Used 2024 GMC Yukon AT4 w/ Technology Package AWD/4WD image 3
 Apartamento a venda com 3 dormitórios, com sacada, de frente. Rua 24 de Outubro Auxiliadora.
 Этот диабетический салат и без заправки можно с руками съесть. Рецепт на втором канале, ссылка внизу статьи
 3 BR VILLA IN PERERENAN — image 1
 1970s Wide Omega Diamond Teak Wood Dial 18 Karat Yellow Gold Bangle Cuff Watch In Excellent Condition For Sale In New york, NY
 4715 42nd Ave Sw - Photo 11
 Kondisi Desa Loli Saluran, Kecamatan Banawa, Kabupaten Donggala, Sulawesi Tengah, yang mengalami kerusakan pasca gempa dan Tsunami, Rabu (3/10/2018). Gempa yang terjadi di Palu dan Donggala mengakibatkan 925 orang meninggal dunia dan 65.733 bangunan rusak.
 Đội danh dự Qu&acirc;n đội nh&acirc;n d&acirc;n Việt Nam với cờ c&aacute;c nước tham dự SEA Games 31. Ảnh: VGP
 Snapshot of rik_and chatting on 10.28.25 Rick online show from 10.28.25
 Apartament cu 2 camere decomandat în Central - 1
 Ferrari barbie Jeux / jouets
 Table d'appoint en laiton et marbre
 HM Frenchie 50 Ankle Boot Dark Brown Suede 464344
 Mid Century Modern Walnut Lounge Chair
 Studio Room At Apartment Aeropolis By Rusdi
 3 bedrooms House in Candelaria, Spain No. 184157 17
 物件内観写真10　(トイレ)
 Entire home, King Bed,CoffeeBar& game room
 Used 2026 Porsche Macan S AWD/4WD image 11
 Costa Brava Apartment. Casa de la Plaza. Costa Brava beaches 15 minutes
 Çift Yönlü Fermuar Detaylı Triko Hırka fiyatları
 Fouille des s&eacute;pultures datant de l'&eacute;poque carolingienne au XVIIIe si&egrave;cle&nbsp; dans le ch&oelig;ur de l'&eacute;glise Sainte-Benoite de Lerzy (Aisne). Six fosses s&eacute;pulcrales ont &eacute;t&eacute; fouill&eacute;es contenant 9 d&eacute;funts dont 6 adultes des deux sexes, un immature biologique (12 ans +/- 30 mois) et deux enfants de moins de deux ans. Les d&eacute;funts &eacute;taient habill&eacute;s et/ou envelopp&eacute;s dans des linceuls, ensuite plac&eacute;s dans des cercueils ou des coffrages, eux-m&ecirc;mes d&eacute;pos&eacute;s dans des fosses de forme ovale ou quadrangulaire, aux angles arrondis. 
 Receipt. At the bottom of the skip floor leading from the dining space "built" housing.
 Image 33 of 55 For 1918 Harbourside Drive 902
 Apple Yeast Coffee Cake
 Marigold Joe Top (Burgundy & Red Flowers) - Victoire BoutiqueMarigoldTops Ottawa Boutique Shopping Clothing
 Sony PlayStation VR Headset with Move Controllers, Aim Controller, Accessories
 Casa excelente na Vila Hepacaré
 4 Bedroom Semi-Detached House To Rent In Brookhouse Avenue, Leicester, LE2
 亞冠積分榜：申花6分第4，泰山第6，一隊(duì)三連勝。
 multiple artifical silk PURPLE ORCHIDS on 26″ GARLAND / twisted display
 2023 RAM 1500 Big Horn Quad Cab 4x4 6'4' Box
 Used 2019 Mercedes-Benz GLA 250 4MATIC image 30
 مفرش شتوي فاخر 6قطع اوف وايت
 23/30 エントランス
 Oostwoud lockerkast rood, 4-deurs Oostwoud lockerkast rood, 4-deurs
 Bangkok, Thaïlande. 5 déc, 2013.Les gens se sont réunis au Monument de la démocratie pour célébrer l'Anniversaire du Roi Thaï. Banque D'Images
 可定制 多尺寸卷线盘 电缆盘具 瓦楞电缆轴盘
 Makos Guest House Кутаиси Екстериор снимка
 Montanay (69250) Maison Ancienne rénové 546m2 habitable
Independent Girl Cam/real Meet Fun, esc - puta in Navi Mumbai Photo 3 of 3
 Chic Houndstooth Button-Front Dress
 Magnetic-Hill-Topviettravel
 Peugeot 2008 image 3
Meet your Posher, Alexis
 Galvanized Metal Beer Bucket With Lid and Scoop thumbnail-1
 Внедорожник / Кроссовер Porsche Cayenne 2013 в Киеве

_TASK BRIEF:_ This exercise calls for every record to be restated word for word.

_ANSWER AREA:_
Used 2024 GMC Yukon AT4 w/ Technology Package AWD/4WD image 3
 Apartamento a venda com 3 dormitórios, com sacada, de frente. Rua 24 de Outubro Auxiliadora.
 Этот диабетический салат и без заправки можно с руками съесть. Рецепт на втором канале, ссылка внизу статьи
 3 BR VILLA IN PERERENAN — image 1
 1970s Wide Omega Diamond Teak Wood Dial 18 Karat Yellow Gold Bangle Cuff Watch In Excellent Condition For Sale In New york, NY
 4715 42nd Ave Sw - Photo 11
 Kondisi Desa Loli Saluran, Kecamatan Banawa, Kabupaten Donggala, Sulawesi Tengah, yang mengalami kerusakan pasca gempa dan Tsunami, Rabu (3/10/2018). Gempa yang terjadi di Palu dan Donggala mengakibatkan 925 orang meninggal dunia dan 65.733 bangunan rusak.
 Đội danh dự Qu&acirc;n đội nh&acirc;n d&acirc;n Việt Nam với cờ c&aacute;c nước tham dự SEA Games 31. Ảnh: VGP
 Snapshot of rik_and chatting on 10.28.25 Rick online show from 10.28.25
 Apartament cu 2 camere decomandat în Central - 1
 Ferrari barbie Jeux / jouets
 Table d'appoint en laiton et marbre
 HM Frenchie 50 Ankle Boot Dark Brown Suede 464344
 Mid Century Modern Walnut Lounge Chair
 Studio Room At Apartment Aeropolis By Rusdi
 3 bedrooms House in Candelaria, Spain No. 184157 17
 物件内観写真10　(トイレ)
 Entire home, King Bed,CoffeeBar& game room
 Used 2026 Porsche Macan S AWD/4WD image 11
 Costa Brava Apartment. Casa de la Plaza. Costa Brava beaches 15 minutes
 Çift Yönlü Fermuar Detaylı Triko Hırka fiyatları
 Fouille des s&eacute;pultures datant de l'&eacute;poque carolingienne au XVIIIe si&egrave;cle&nbsp; dans le ch&oelig;ur de l'&eacute;glise Sainte-Benoite de Lerzy (Aisne). Six fosses s&eacute;pulcrales ont &eacute;t&eacute; fouill&eacute;es contenant 9 d&eacute;funts dont 6 adultes des deux sexes, un immature biologique (12 ans +/- 30 mois) et deux enfants de moins de deux ans. Les d&eacute;funts &eacute;taient habill&eacute;s et/ou envelopp&eacute;s dans des linceuls, ensuite plac&eacute;s dans des cercueils ou des coffrages, eux-m&ecirc;mes d&eacute;pos&eacute;s dans des fosses de forme ovale ou quadrangulaire, aux angles arrondis. 
 Receipt. At the bottom of the skip floor leading from the dining space "built" housing.
 Image 33 of 55 For 1918 Harbourside Drive 902
 Apple Yeast Coffee Cake
 Marigold Joe Top (Burgundy & Red Flowers) - Victoire BoutiqueMarigoldTops Ottawa Boutique Shopping Clothing
 Sony PlayStation VR Headset with Move Controllers, Aim Controller, Accessories
 Casa excelente na Vila Hepacaré
 4 Bedroom Semi-Detached House To Rent In Brookhouse Avenue, Leicester, LE2
 亞冠積分榜：申花6分第4，泰山第6，一隊(duì)三連勝。
 multiple artifical silk PURPLE ORCHIDS on 26″ GARLAND / twisted display
 2023 RAM 1500 Big Horn Quad Cab 4x4 6'4' Box
 Used 2019 Mercedes-Benz GLA 250 4MATIC image 30
 مفرش شتوي فاخر 6قطع اوف وايت
 23/30 エントランス
 Oostwoud lockerkast rood, 4-deurs Oostwoud lockerkast rood, 4-deurs
 Bangkok, Thaïlande. 5 déc, 2013.Les gens se sont réunis au Monument de la démocratie pour célébrer l'Anniversaire du Roi Thaï. Banque D'Images
 可定制 多尺寸卷线盘 电缆盘具 瓦楞电缆轴盘
 Makos Guest House Кутаиси Екстериор снимка
 Montanay (69250) Maison Ancienne rénové 546m2 habitable
Independent Girl Cam/real Meet Fun, esc - puta in Navi Mumbai Photo 3 of 3
 Chic Houndstooth Button-Front Dress
 Magnetic-Hill-Topviettravel
 Peugeot 2008 image 3
Meet your Posher, Alexis
 Galvanized Metal Beer Bucket With Lid and Scoop thumbnail-1
 Внедорожник / Кроссовер Porsche Cayenne 2013 в Киеве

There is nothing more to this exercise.